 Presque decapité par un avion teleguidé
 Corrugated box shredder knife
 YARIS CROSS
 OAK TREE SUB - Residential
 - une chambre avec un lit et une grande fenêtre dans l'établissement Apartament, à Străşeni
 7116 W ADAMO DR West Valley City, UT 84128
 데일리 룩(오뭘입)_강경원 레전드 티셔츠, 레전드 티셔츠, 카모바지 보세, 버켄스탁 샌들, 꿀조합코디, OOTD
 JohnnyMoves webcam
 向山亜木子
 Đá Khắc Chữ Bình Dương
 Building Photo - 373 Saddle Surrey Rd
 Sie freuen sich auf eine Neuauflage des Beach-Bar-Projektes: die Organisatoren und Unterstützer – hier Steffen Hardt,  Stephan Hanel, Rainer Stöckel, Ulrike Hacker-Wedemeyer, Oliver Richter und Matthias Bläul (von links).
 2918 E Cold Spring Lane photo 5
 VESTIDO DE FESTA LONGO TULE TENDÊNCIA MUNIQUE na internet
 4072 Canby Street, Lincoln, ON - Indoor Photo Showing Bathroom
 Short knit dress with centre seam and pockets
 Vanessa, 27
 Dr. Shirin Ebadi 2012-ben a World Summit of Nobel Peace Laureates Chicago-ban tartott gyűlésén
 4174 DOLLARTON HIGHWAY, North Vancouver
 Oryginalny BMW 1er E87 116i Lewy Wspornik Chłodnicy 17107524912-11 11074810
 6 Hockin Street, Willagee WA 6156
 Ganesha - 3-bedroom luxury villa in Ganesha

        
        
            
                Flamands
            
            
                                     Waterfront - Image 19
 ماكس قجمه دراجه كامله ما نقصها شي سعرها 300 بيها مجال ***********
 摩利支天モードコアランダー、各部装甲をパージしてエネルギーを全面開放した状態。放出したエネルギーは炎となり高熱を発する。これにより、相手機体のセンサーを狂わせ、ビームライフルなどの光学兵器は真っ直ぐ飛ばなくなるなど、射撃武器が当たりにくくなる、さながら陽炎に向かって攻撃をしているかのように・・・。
☆ ☆ ☆
» **Goal of the exercise**: Using the listing above, work out how many lines contain the string "Street" and return only that number.

» **Solution to this task**: 2